In the comments to this post, Bob says
To enact the carbon tax is to assume that the least-cost solution to the externality is to cut back on emissions.I didn't immediately realize that Bob was not arguing about taxes. Instead, it seems that he is arguing that the best policy response to global warming, etc. is not to cut back on emissions but to try to reduce the impacts of emissions.
You might be right that the least-cost way to fight climate change is to reduce carbon emissions, but if you happen to be wrong...
Let's go through the logic of this perspective:
- Economic activity can lead to carbon emissions. The activity is good, but the emissions are not.

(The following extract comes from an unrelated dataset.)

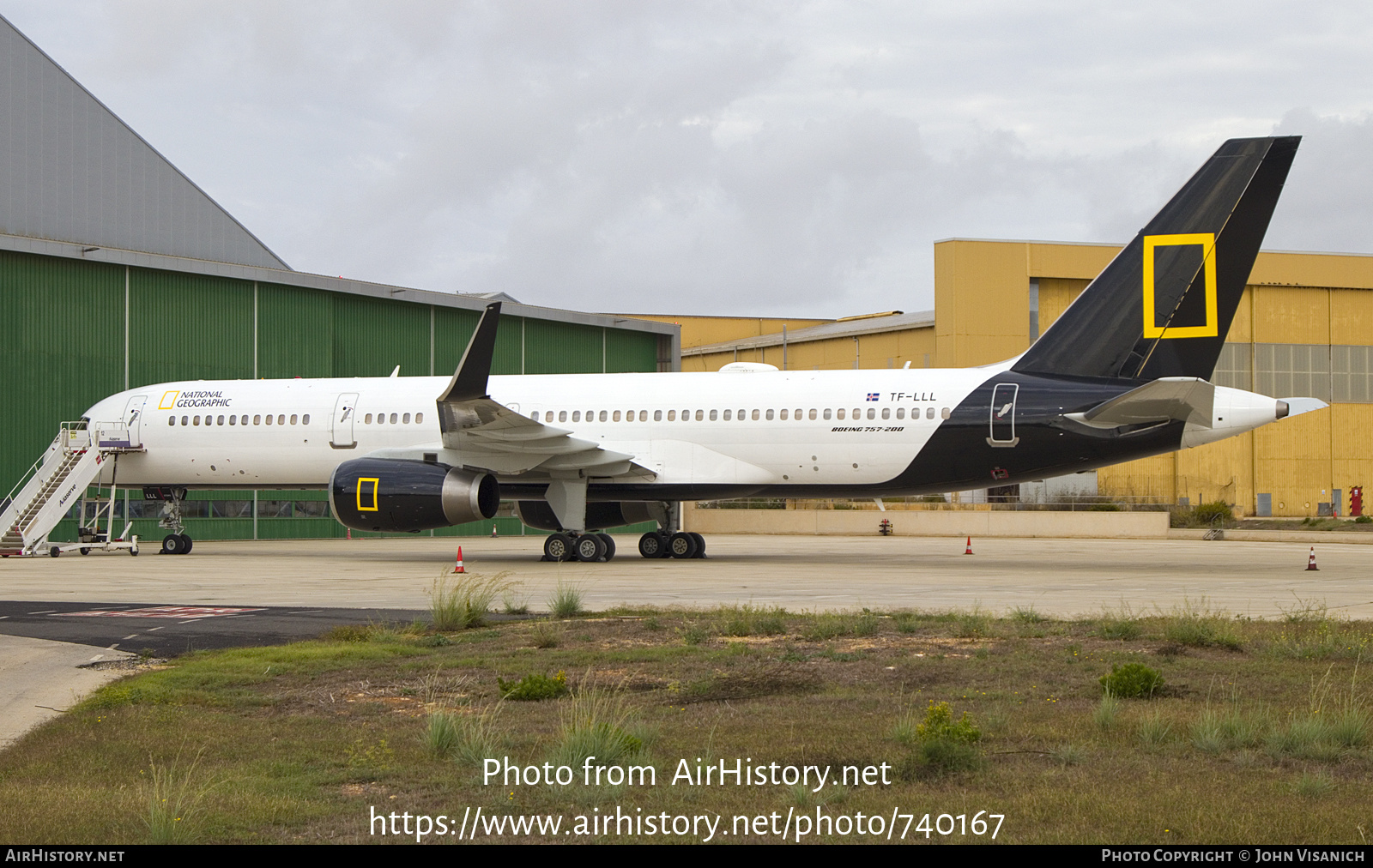 Aircraft Photo of TF-LLL | Boeing 757-256 | National Geographic | AirHistory.net #740167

- Cutting emissions means cutting economic activity, which impacts our way of life, and that is bad.
- Instead of cutting emissions, we should use the wealth generated from economic activity to overcome the adverse impacts of global warming.
- In other words, if we get rich fast enough, our overall situation will improve, even as we damage the planet.

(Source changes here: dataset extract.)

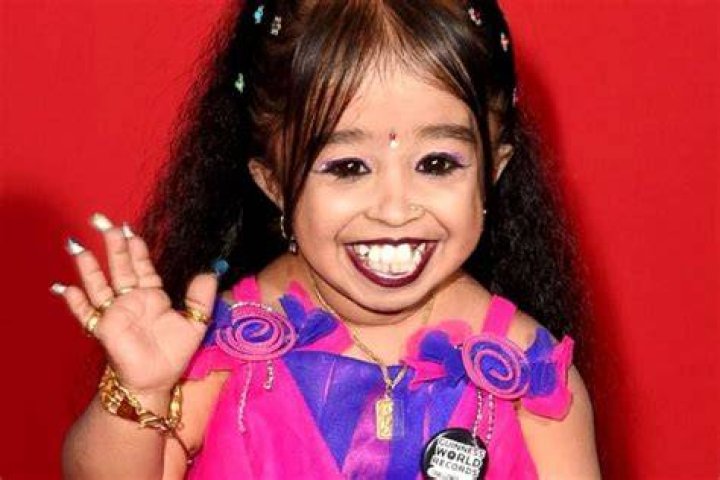Jyoti Amge Height, Weight, Age, Family, Biography & More » StarsUnfolded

- I think that prevention is better than adaption/mitigation, e.g., it's easier to prevent than clean up an oil spill.
- We don't know the impacts of global warming, so perhaps it's better to prevent it (the precautionary principle).
- We can practice both prevention and adaption. There's no need to choose between them.
- We (rich people) will be able to adapt because we have wealth and power, but the effects of global warming are much broader. What about poor people in developing countries (e.g., Bangladesh) who cannot adapt? What about flora and fauna that will suffer greater damage if we shift our emphasis from prevention to mitigation? It's distinctly possible that adverse impacts on these populations will lead to far worse consequences for us. We share one world, after all.